Description of problem: During initialization, the hosted-engine mechanism needs to acquire 2 locks: * hosted-engine on the lockspace volume * host_id on hosted_storage ids. These take some time to be acquired. If the user runs a hosted-engine command in the meantime, this message is displayed: # hosted-engine --vm-status The hosted engine configuration has not been retrieved from shared storage. Please ensure that ovirt-ha-agent is running and the storage server is reachable. It implies there is a problem: storage unreachable or ovirt-ha-agent not running. But in fact its just waiting for sanlock, there are no problems and this message may make the user restart the agent again. Please improve this. Check what is the actual status and print an appropriate message in case it is juts initializing or if there is in fact a problem accessing storage or the agent is not running. Version-Release number of selected component (if applicable): ovirt-hosted-engine-setup-2.2.26-1.el7.noarch ovirt-hosted-engine-ha-2.2.16-1.el7.noarch vdsm-4.20.39.1-1.el7.x86_64 How reproducible: Always Steps to Reproduce: 1. Reboot Hosted-Engine host 2. Run 'hosted-engine' command
Let's try to use a less scaring message
This message appears for very short period of time.
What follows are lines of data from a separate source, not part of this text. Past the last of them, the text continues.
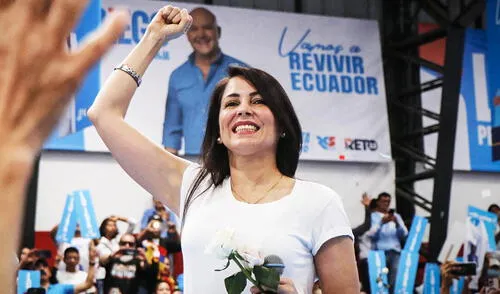 Luisa González, del Movimiento Revolución Ciudadana, se perfila como una de las principales candidatas en las elecciones en Ecuador 2025. Foto: AFP Luisa González, la correista que podría arrebatarle la reelección a Daniel Noboa en las elecciones 2025 en Ecuador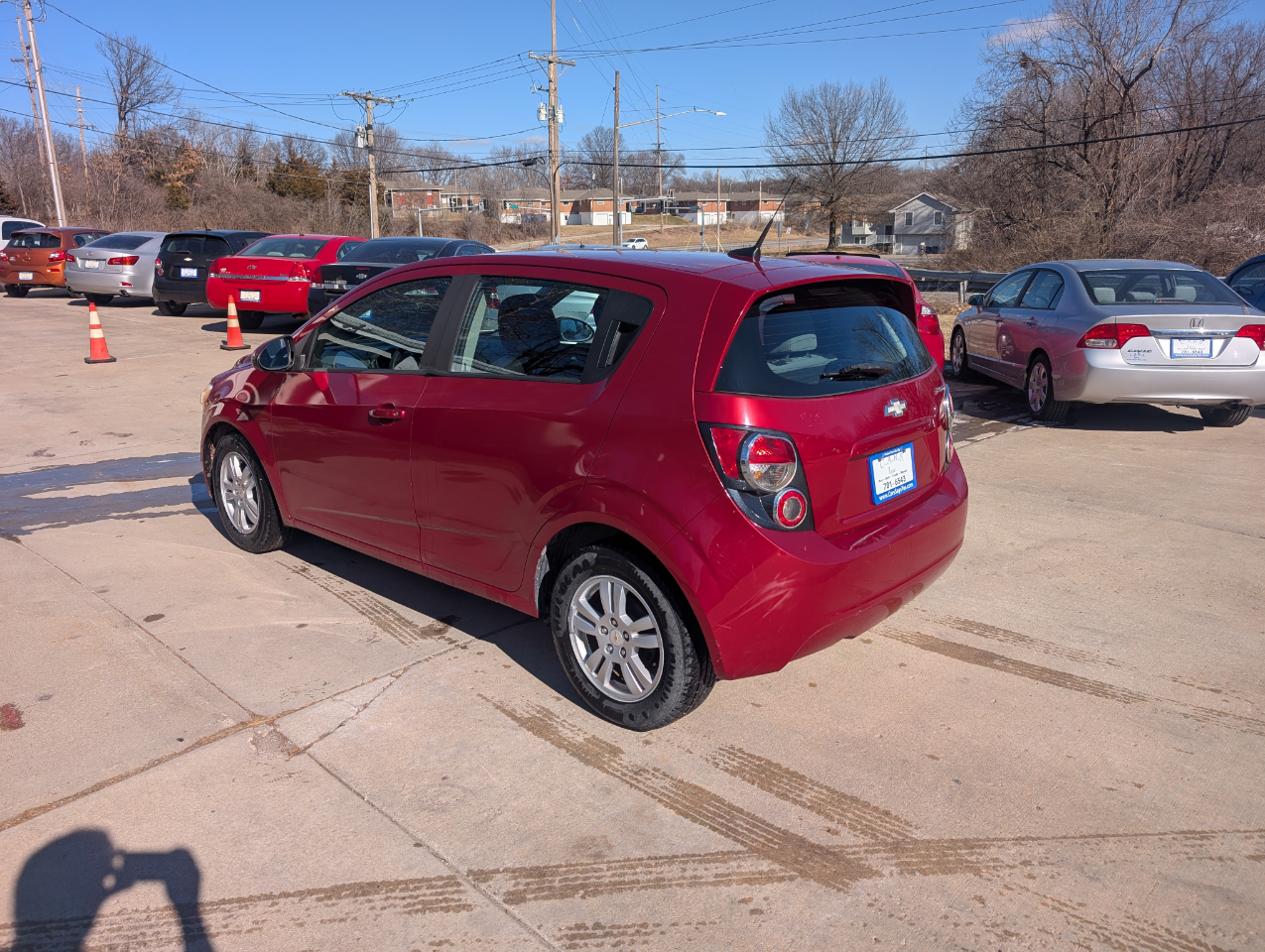 Chevrolet Sonic 1LS 5-Door 2012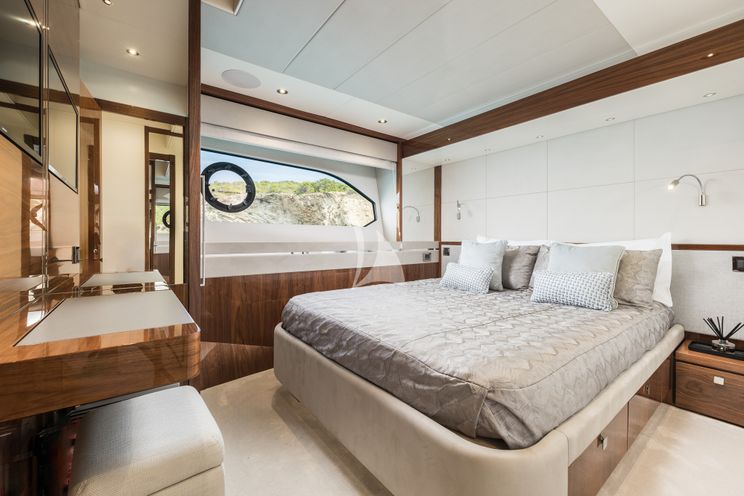 Charter Yacht SAAHSA - Sunseeker 76 - 4 Cabins - Ibiza - Palma - Mallorca - Balearics - Spain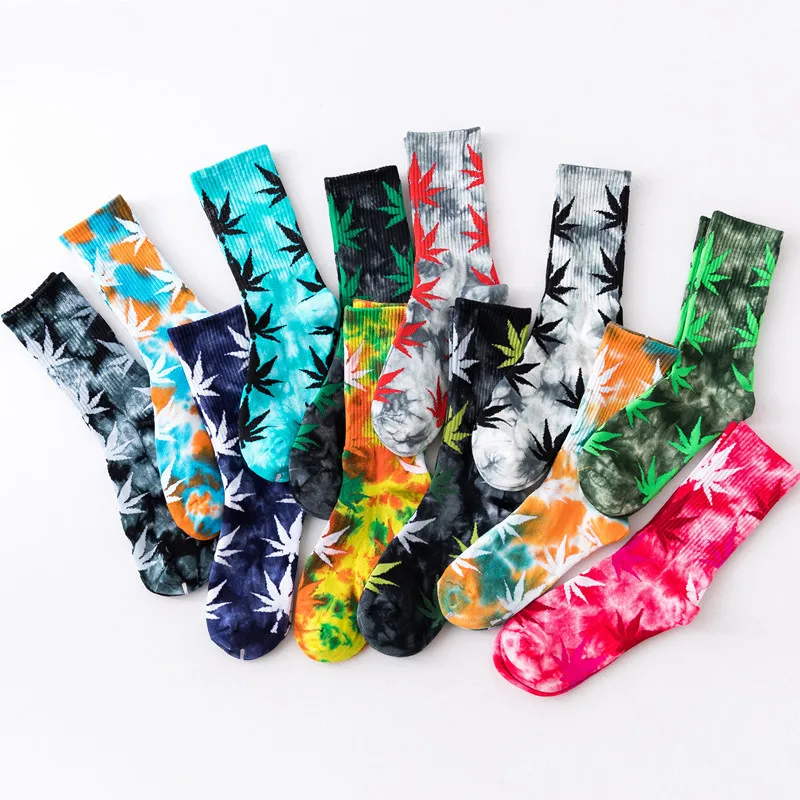 

2019 High-quality Tie-dyed Maple Leaf Socks Long Fashion Weed Socks Men Skateboard Hiphop Socks Meias Women Couple Socks 1 Pairs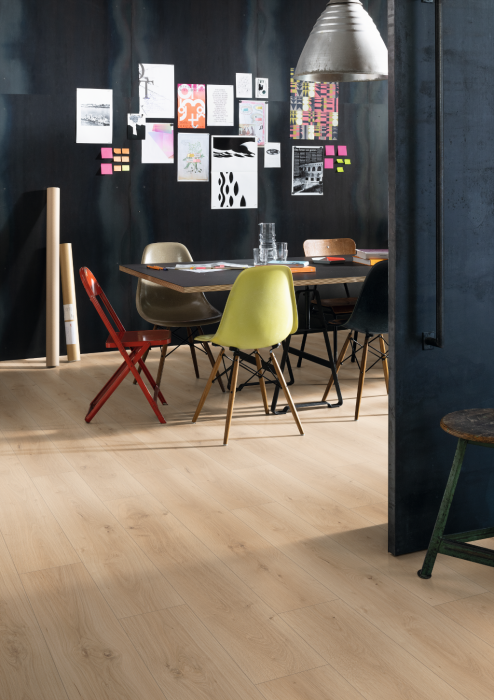 Parchet laminat, Egger, EL2113 Stejar Pinot nisip, 10 mm, 4V, AQ24, Be Simplistic 1 [2]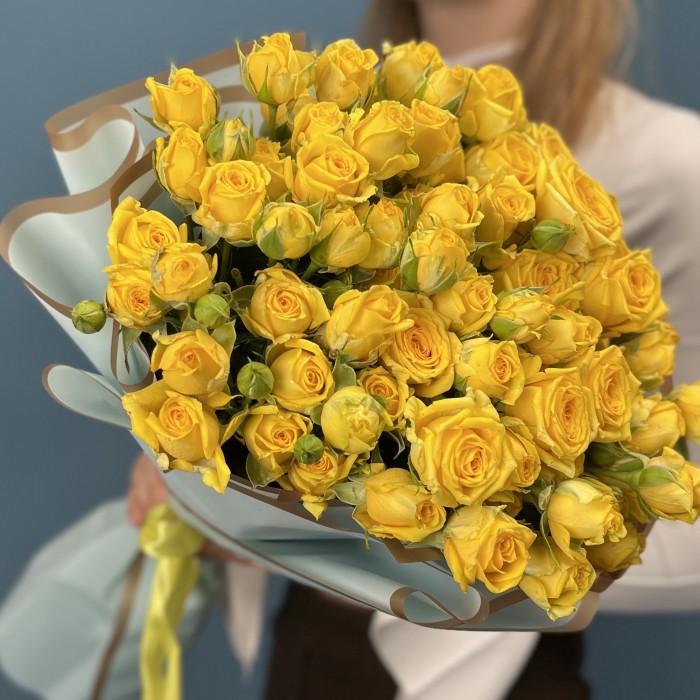 15 кустовых желтых роз Еллоу Бейби 50 см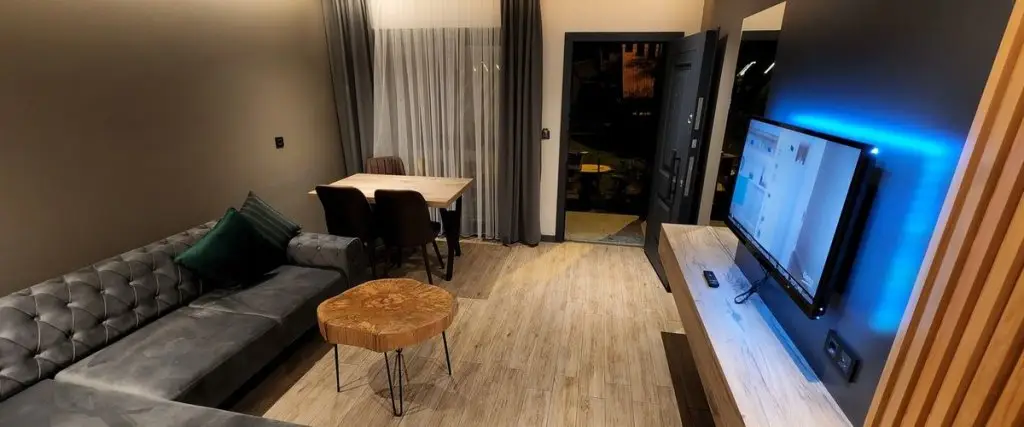 Арсин: Akyüz Kardeşler Otel & Bungolow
No harm is done and customer can check either ha-agent is running or storage connectivity, both are legit. I see this as a corner case. Not sure if such short time frame is so critical for the code change, especially when it happens only after host's restart.
Asaf got a fix, should cover also this corner case.
For the first time I checked the status, right after host got booted up, I saw initial issue, probably due to the fact that ha-agent was still getting started: serval15 ~]# hosted-engine --vm-status The hosted engine configuration has not been retrieved from shared storage yet, please ensure that ovirt-ha-agent service is running. On second iteration message has changed to this: serval15 ~]# hosted-engine --vm-status The hosted engine configuration has not been retrieved from shared storage yet, for more details please check sanlock status. After ~2 minutes status had been retrieved OK. Tested on: ovirt-hosted-engine-setup-2.5.4-2.el8ev.noarch ovirt-hosted-engine-ha-2.4.9-1.el8ev.noarch ovirt-engine-4.4.9.2-0.6.el8ev.noarch
This bugzilla is included in oVirt 4.4.9 release, published on October 20th 2021. Since the problem described in this bug report should be resolved in oVirt 4.4.9 release, it has been closed with a resolution of CURRENT RELEASE. If the solution does not work for you, please open a new bug report.